Wednesday, November 26, 2008

Ecclestone gets gold medal for lunacy

I have tried to refrain from discussing the proposed plan by FOM leader Bernie Ecclestone that instead of a points system, the world championship will be decided by awarding medals (gold, silver, bronze). However, today Eccelstone has declared that this system will be introduced in 2009.

Basically the system would award the driver's title to the driver with the most gold medals. So in 2008, Massa would have won the title because he had 6 wins to Lewis Hamilton's 5 (6 golds to 5). The premise of implementing such as system in Ecclestone's rationale is that this would help increase overtaking because there would be more incentive for a driver to go for the win.

There are multiple criticisms and problems of such a scheme. In addition there are far less radical solutions that would keep the sport's historical context relevant.

We must consider race stewards in this equation. We have had plenty of drivers in 2008 go for overtaking opportunities and be aggressive in these opportunities in addition to race starts. Their reward has been getting penalized by race stewards. If Formula One is looking to get even more politicized instituting this system would be confirmation of the sports demise. I guarantee there will be a avalanche of protests of questionable driving else the penalty system is significantly overhauled.

Moreover, what about a driver that gets a lucky win due to rain conditions and never gets near what would have been the traditional points positions? Is that win more valuble then a driver that consistently finishes 6th or 7th in inferior equipment? I don't think so.

Why does not Ecclestone propose awarding the driver that wins the race with more points or increasing the gap between 1st and 2nd place (as was the case in Formula One's past). This was the case for many years until the points system was changed to award 2nd place driver with more points and to extend points allocations to 8th instead of 6th. In my opinion the current system is fine, as it rewards consistent drivers and teams. I am much more impressed with a driver and team that can consistently do well as opposed to drivers and teams that are sporadic in the sense that they are race winners one day and finish 6th or 7th the next. Nevertheless, if the system is to change, increasing the gap is very sensible.

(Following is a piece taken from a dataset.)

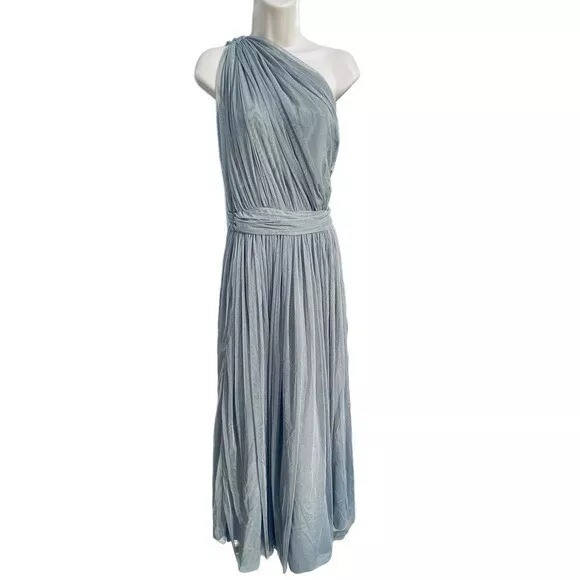 New! ASOS Premium Tulle One Strap Dress Maxi Formal Grey Silver size xl Nwt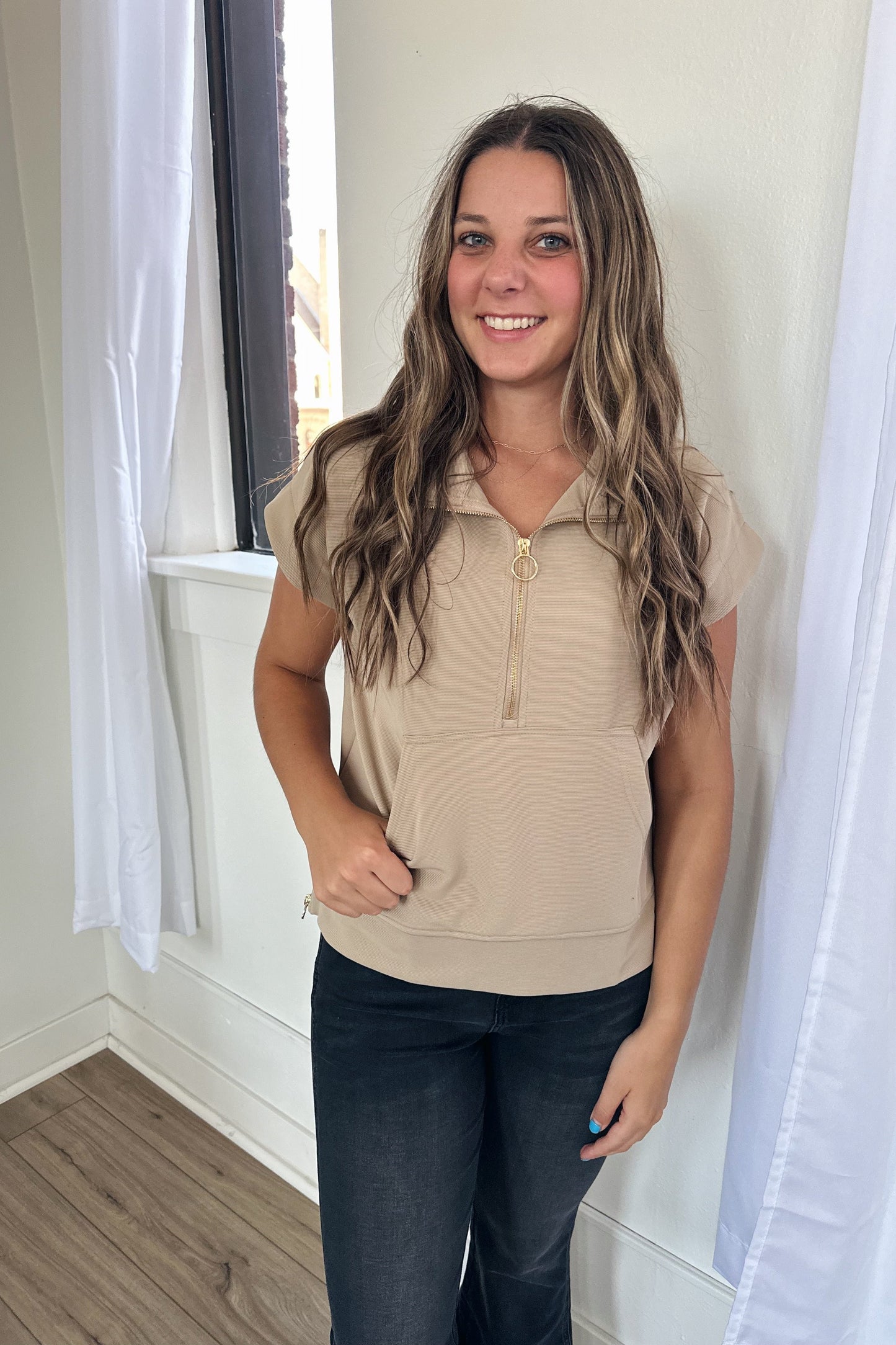 Beige Collared Top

Former Formula One team principal Eddie Jordan believes Bernie Ecclestone's plan to replace the Formula One points system is nonsense. Moreover, Jordan railed against the system saying to BBC Radio Five Live, " The points are necessary. I was one of the team principals in the team principals' meetings who advocated that the points should go down to eighth place because one point to a team down there is as important as a win is to the likes of McLaren and Ferrari and we must never forget that. I can promise you, having been in that position, two points against no points is a huge difference. Drivers like Massa, who started at the very bottom and worked his way up, know how important those points are at the back of the field. Everybody that's involved in the financial side knows how important it is and the extraordinary excitement there is for getting a point at the back. McLaren and Ferrari are working on a budget of perhaps 250 million, and then you have other teams like Force India and Toro Rosso, who to everyone's surprise won a race this year, who would have maybe ten or eight times less budget to play with, and inferior drivers because they're learning their trade and they will come and be world champions in years to come. But they have to find their feet somewhere, and that place has to be in the smaller teams because they're the people who take the risks. He's tinkering with something that in my opinion he has lost the understanding of. He thinks people are only interested in winning the races. I'm sorry, but there's just not enough thought put into this. It should be put to one side and discussed by him and Max Mosley, and for Bernie Ecclestone to say it's coming with the full approval of all the teams, I simply don't believe it."

I am with Jordan, I simply do not believe Ecclestone's statements that teams and the FIA are backing it. If they truly want F1 to be about 2, maybe 3 teams and destroy interest in the other teams and consign F1 to a spec series with no purpose other than for the sake of its own existence (as was having 2 open wheel series in the USA) they truly are mad. Moreover, I would be curious to how the Concorde Agreement relates to such a radical change.